Work instruction: What is needed is an exact copy of the records below, minus any pictures.

Records supplied:
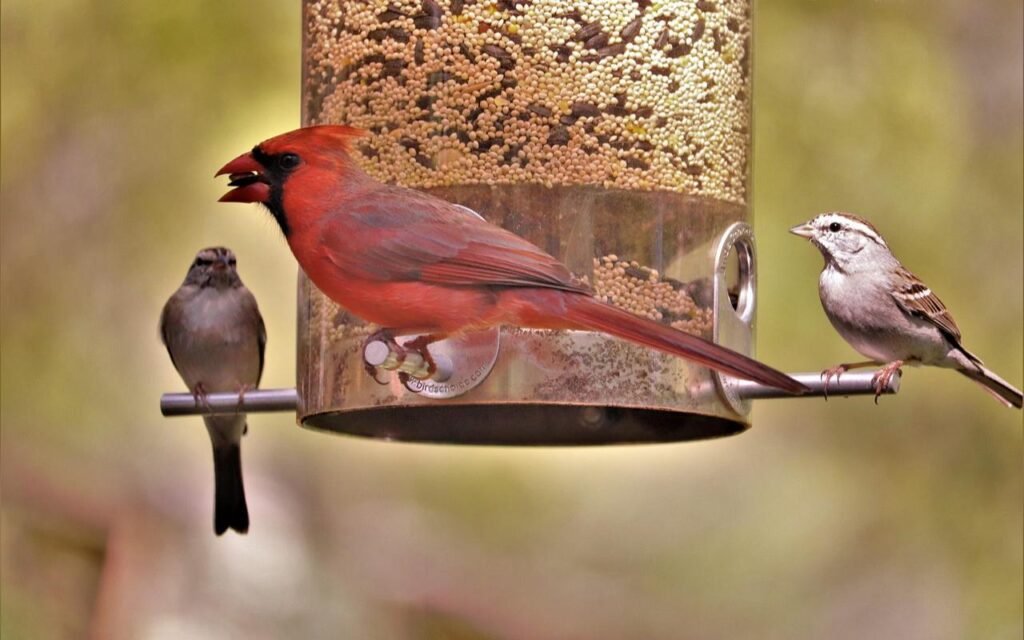 A vibrant red male Northern Cardinal perched in the center of a clear tube bird feeder alongside a small chipping sparrow on the left perch and a white-crowned sparrow on the right perch.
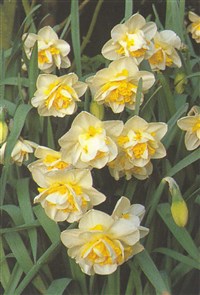 Unique [Род нарцисс – Narcissus L.]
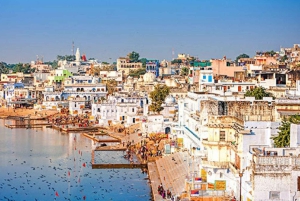 Von Jaipur aus: Private Same Day Pushkar City Tour mit dem Auto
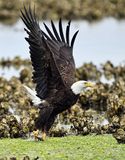 Eagle_2575_1000p.jpg
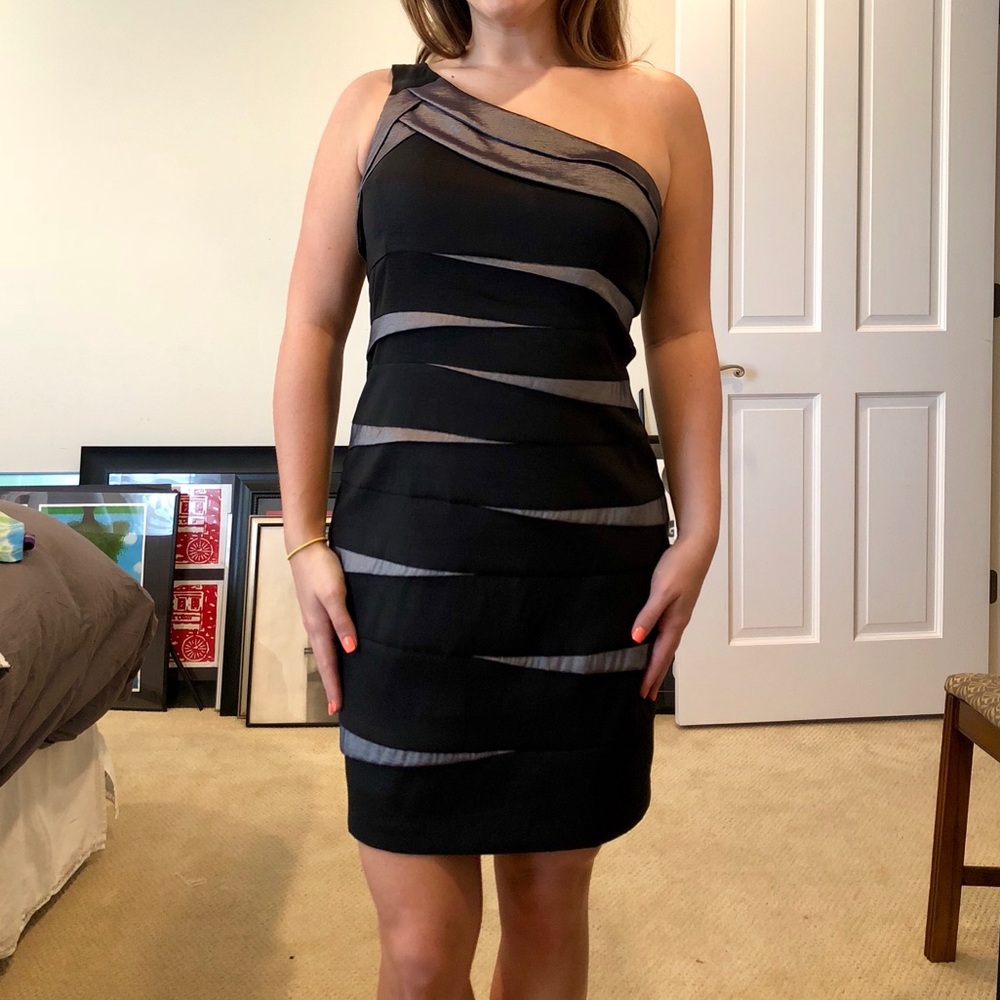 Betsy and Adam Black and silver dress
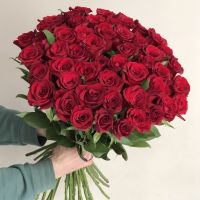 Акция! 51 красная роза импорт 60 см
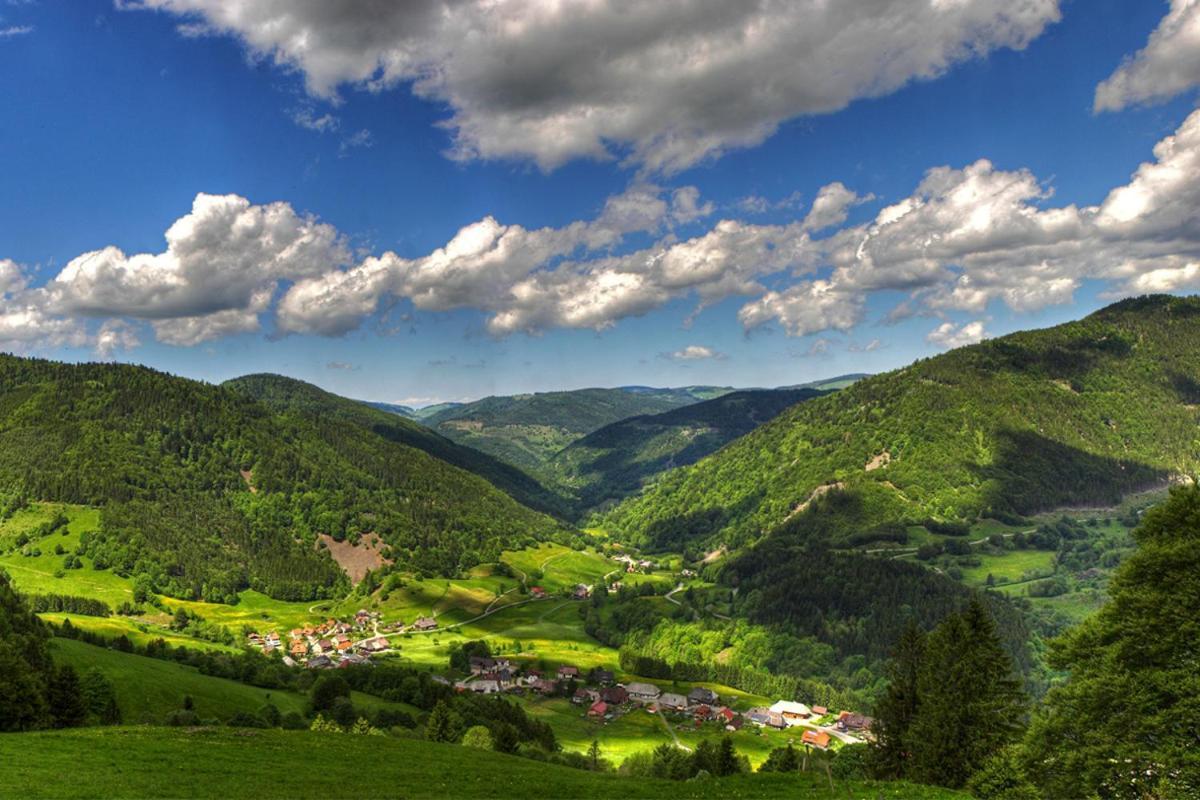 Schwarzwald-Traum Mit Pool Und Sauna Unterkirnach Bagian luar foto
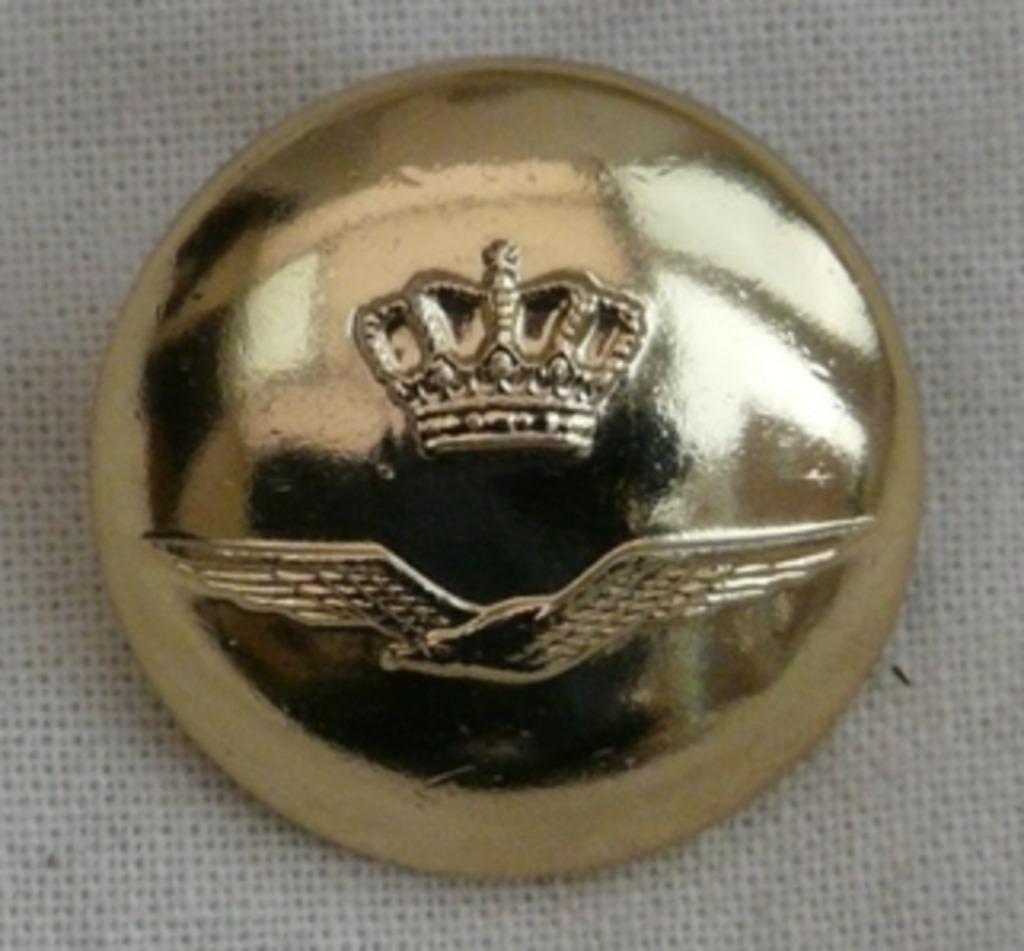 Knoop, Uniform DT, Koninklijke Luchtmacht, 22mm, 1 stuks.(2), Verzamelen, Militaria | Algemeen, Luchtmacht, Overige typen, Ophalen of Verzenden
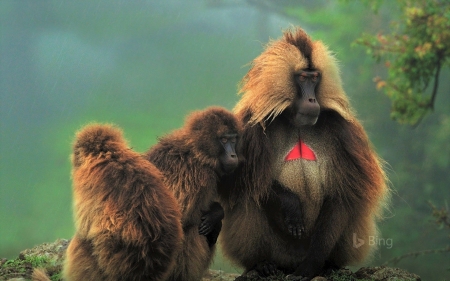 Gelada-monkey - forest, monkey, animal, gelada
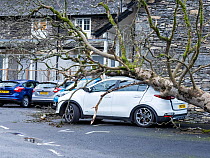 Tree blown over by Storm Arwen onto a car at ferry landing, Lake Windermere, Lake District, UK. December, 2021.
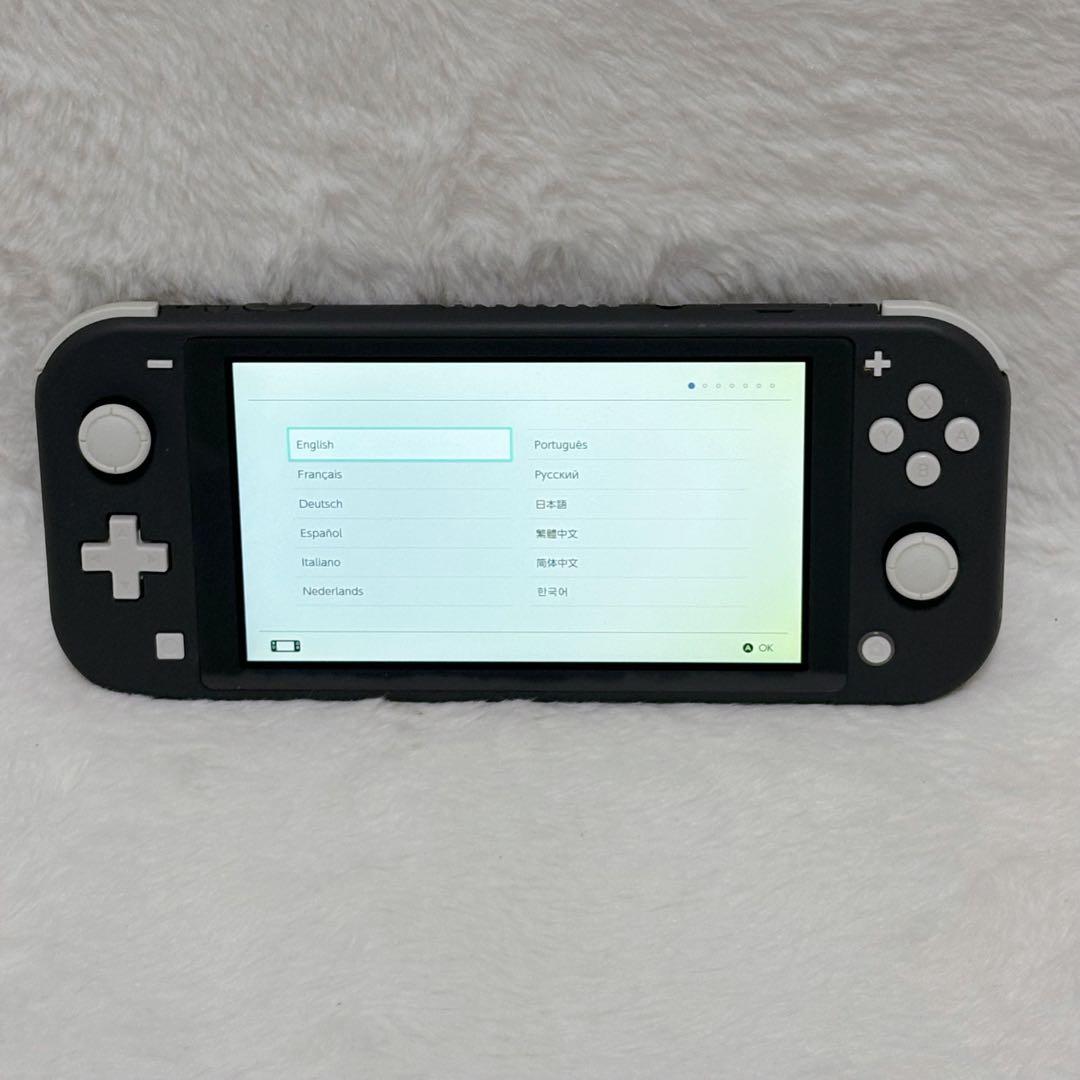 【外観極美品】任天堂: Switch Lite グレー HDH-001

Answer section:
 A vibrant red male Northern Cardinal perched in the center of a clear tube bird feeder alongside a small chipping sparrow on the left perch and a white-crowned sparrow on the right perch.
 Unique [Род нарцисс – Narcissus L.]
 Von Jaipur aus: Private Same Day Pushkar City Tour mit dem Auto
 Eagle_2575_1000p.jpg
 Betsy and Adam Black and silver dress
 Акция! 51 красная роза импорт 60 см
 Schwarzwald-Traum Mit Pool Und Sauna Unterkirnach Bagian luar foto
 Knoop, Uniform DT, Koninklijke Luchtmacht, 22mm, 1 stuks.(2), Verzamelen, Militaria | Algemeen, Luchtmacht, Overige typen, Ophalen of Verzenden
 Gelada-monkey - forest, monkey, animal, gelada
 Tree blown over by Storm Arwen onto a car at ferry landing, Lake Windermere, Lake District, UK. December, 2021.
 【外観極美品】任天堂: Switch Lite グレー HDH-001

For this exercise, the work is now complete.